[Records from a data collection]
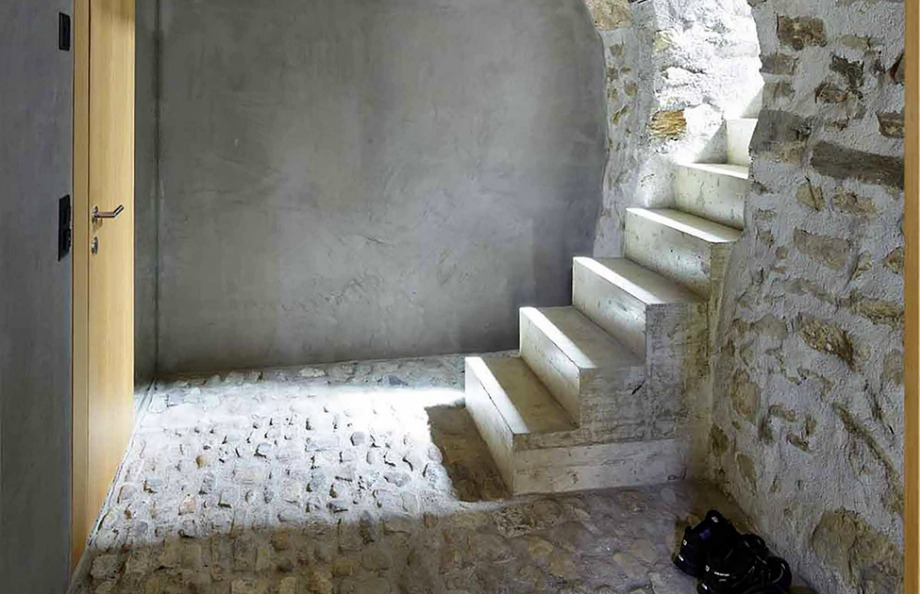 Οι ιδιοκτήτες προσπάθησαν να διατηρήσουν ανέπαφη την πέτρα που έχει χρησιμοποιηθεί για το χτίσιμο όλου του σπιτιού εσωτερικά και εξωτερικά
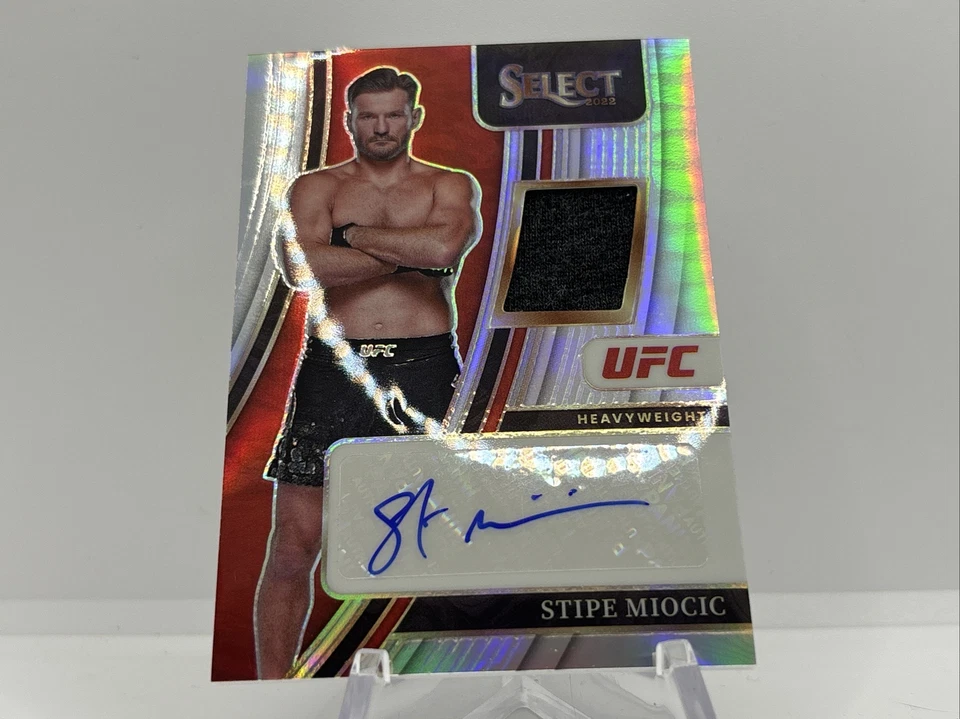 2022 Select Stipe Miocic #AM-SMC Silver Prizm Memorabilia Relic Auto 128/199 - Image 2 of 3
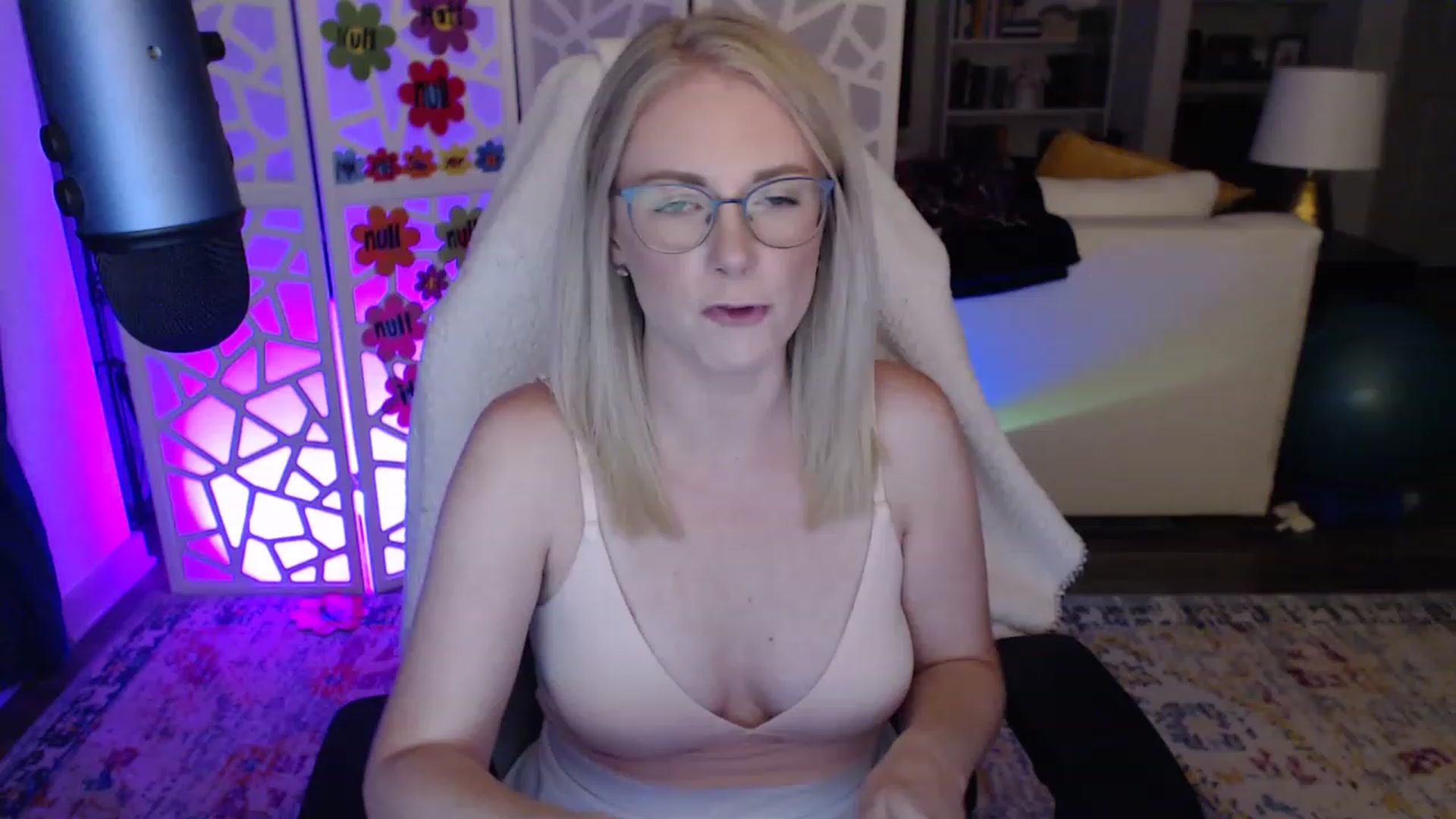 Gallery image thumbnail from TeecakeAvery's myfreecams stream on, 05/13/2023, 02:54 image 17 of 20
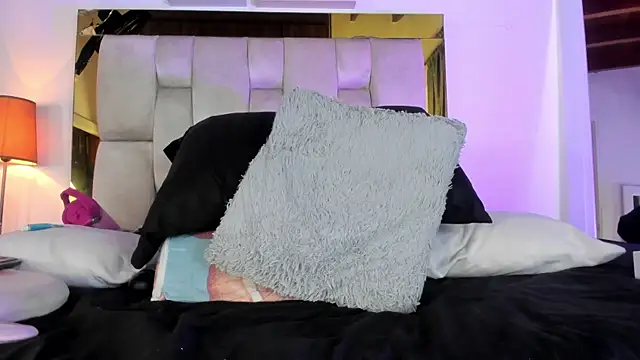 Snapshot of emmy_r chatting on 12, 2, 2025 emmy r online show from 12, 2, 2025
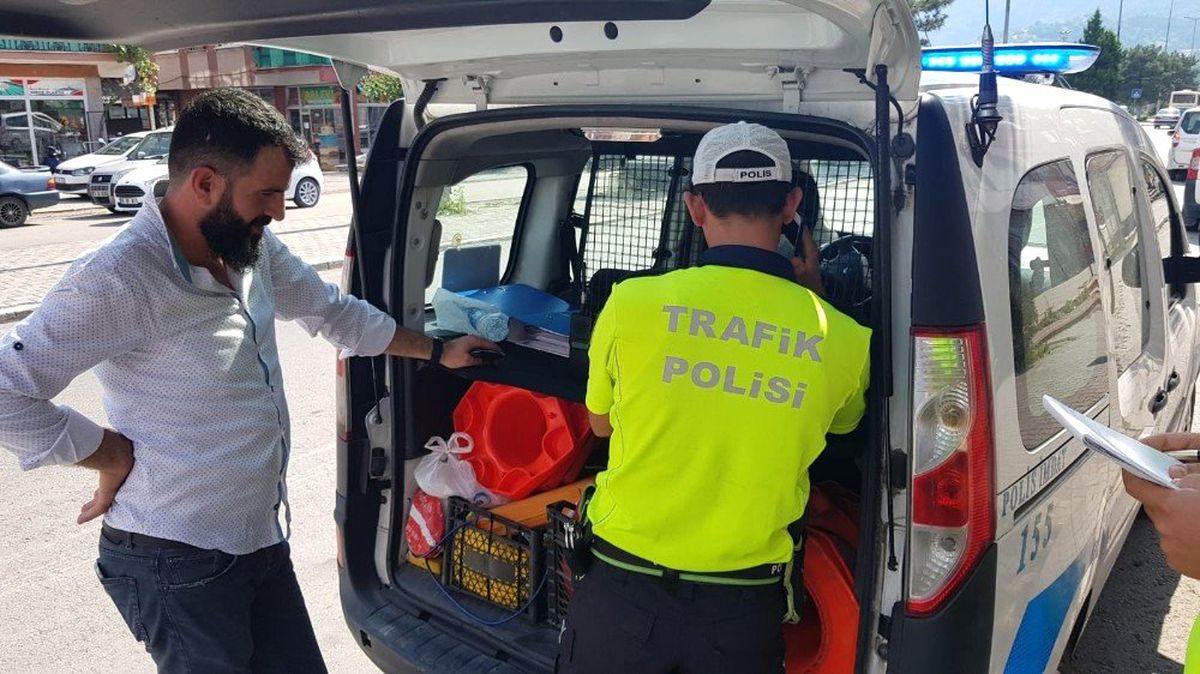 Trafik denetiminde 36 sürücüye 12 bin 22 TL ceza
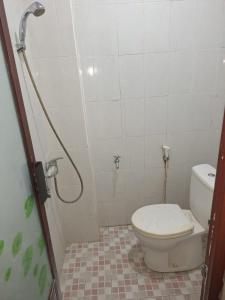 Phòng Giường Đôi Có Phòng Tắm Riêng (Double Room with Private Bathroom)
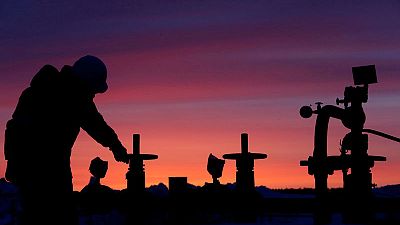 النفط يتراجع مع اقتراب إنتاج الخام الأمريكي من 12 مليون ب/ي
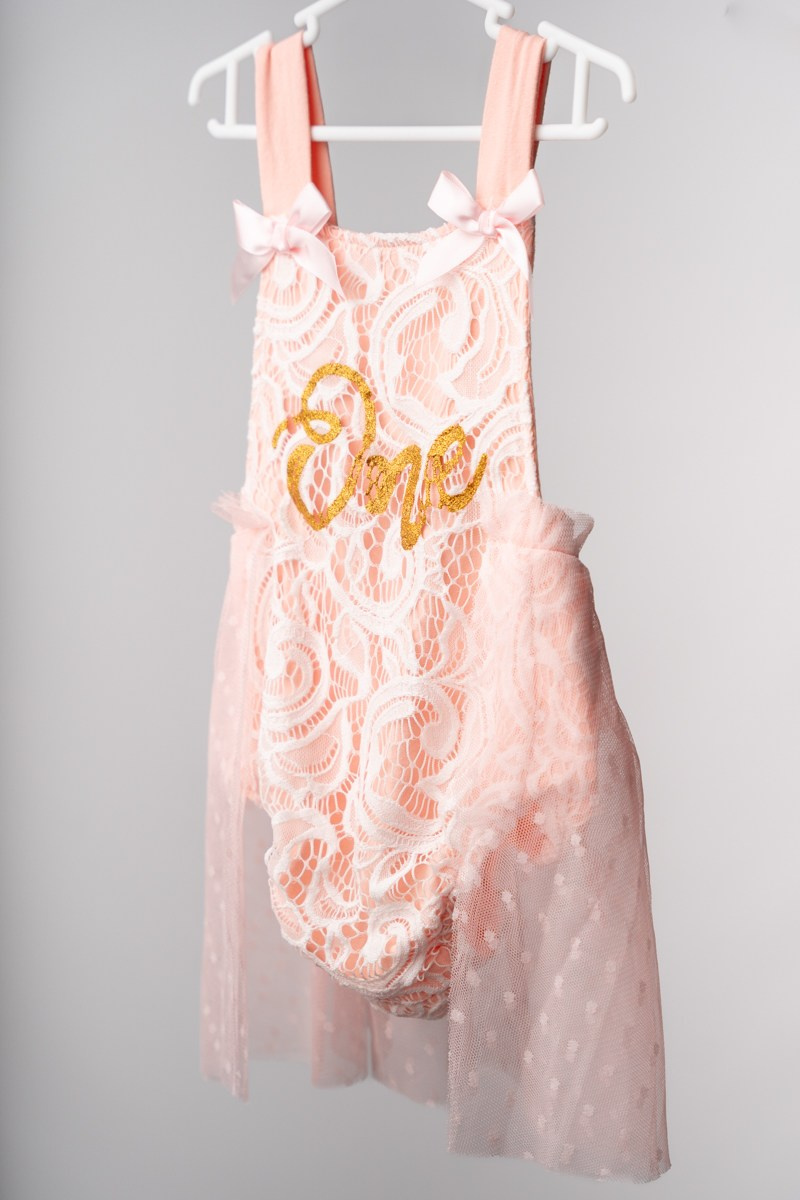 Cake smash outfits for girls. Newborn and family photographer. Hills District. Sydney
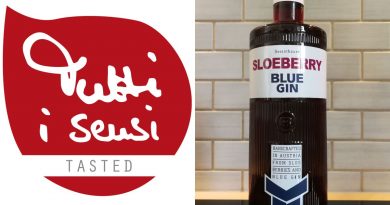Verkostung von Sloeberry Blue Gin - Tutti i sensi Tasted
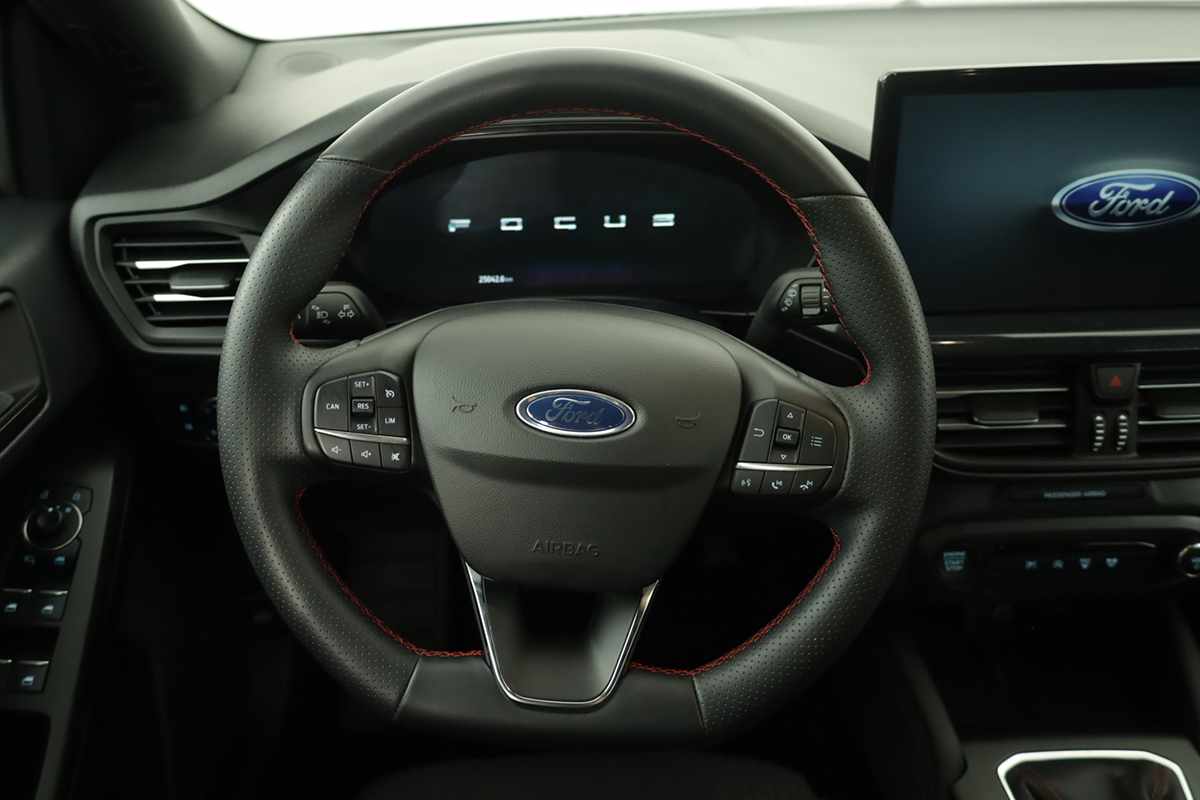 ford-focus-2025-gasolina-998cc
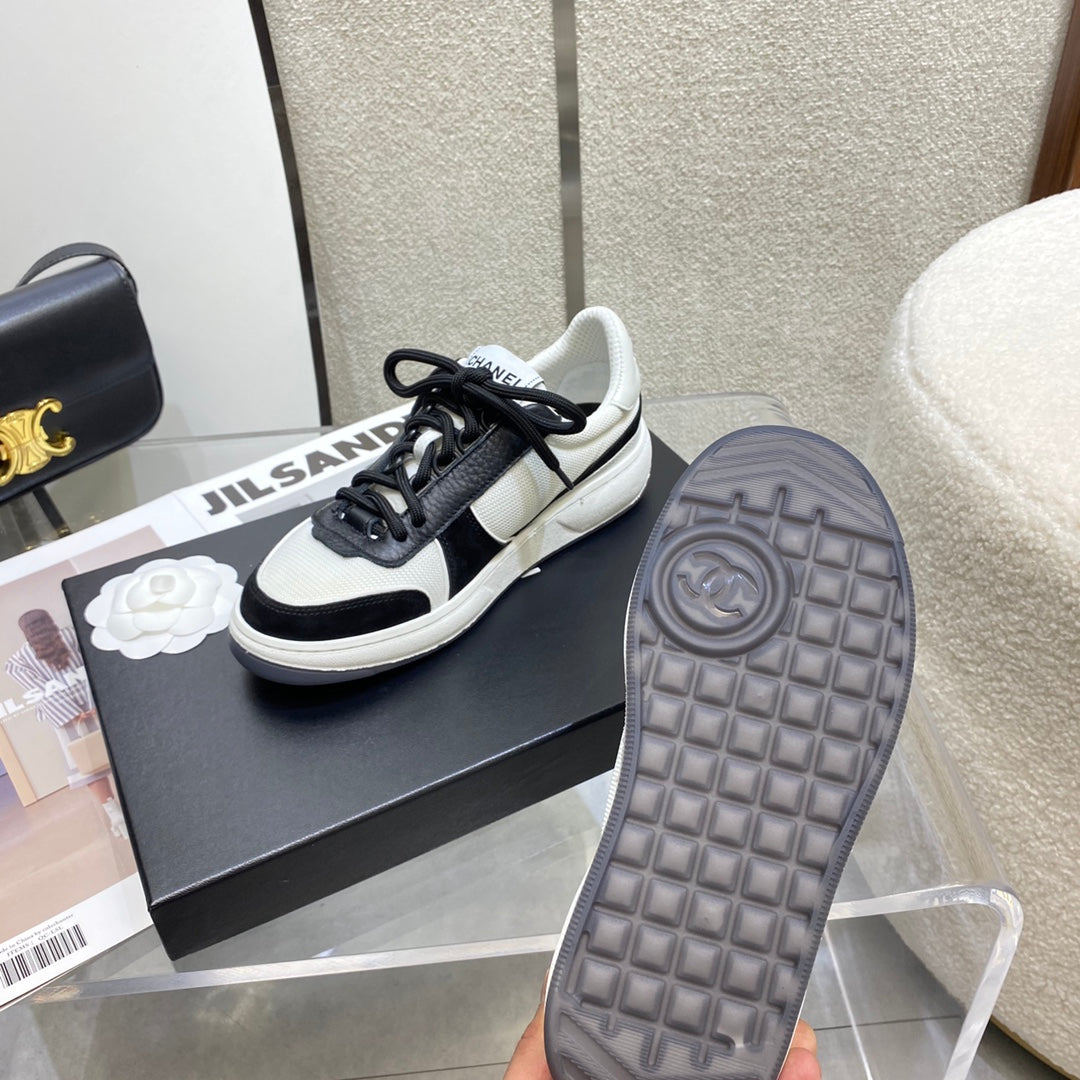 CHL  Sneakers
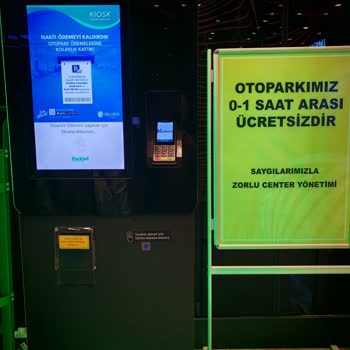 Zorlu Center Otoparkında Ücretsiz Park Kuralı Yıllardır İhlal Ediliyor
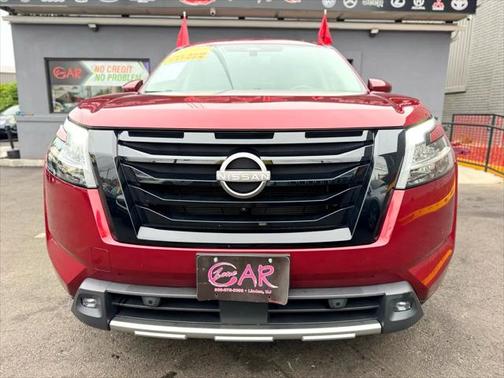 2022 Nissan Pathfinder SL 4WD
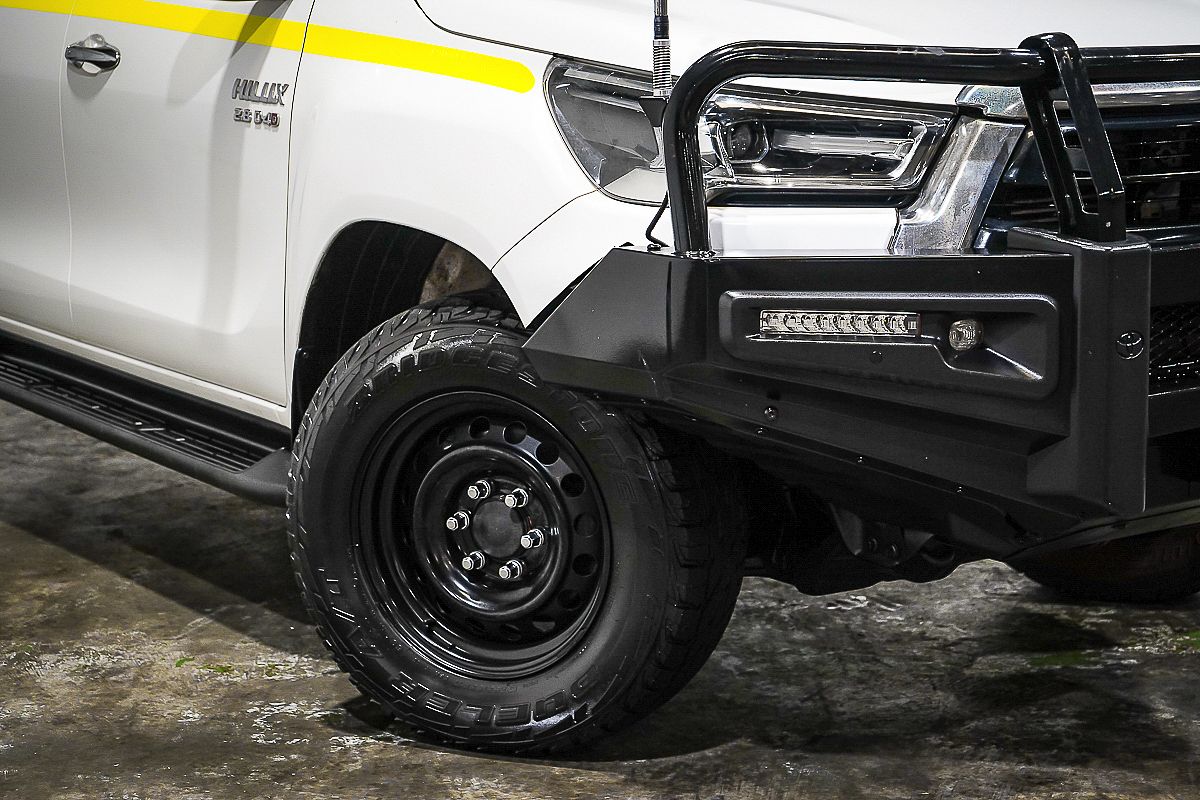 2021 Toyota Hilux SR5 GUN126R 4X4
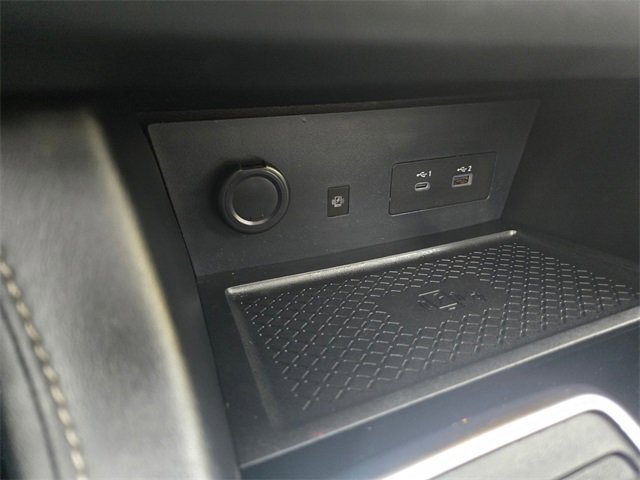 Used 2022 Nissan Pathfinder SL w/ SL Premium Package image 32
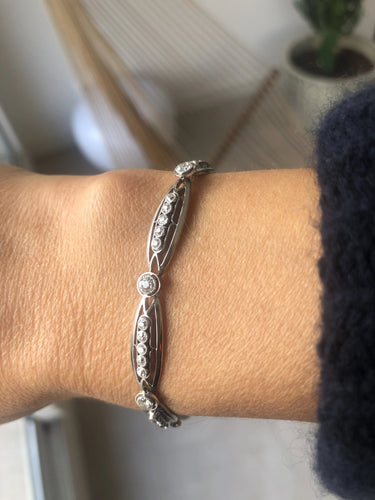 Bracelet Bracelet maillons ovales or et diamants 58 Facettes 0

To do: In the records above, find the line that contains "ford-focus-2025-gasolina-998cc" and retype it and all lines after it exactly, leaving out any pictures.

Solution:
 ford-focus-2025-gasolina-998cc
 CHL  Sneakers
 Zorlu Center Otoparkında Ücretsiz Park Kuralı Yıllardır İhlal Ediliyor
 2022 Nissan Pathfinder SL 4WD
 2021 Toyota Hilux SR5 GUN126R 4X4
 Used 2022 Nissan Pathfinder SL w/ SL Premium Package image 32
 Bracelet Bracelet maillons ovales or et diamants 58 Facettes 0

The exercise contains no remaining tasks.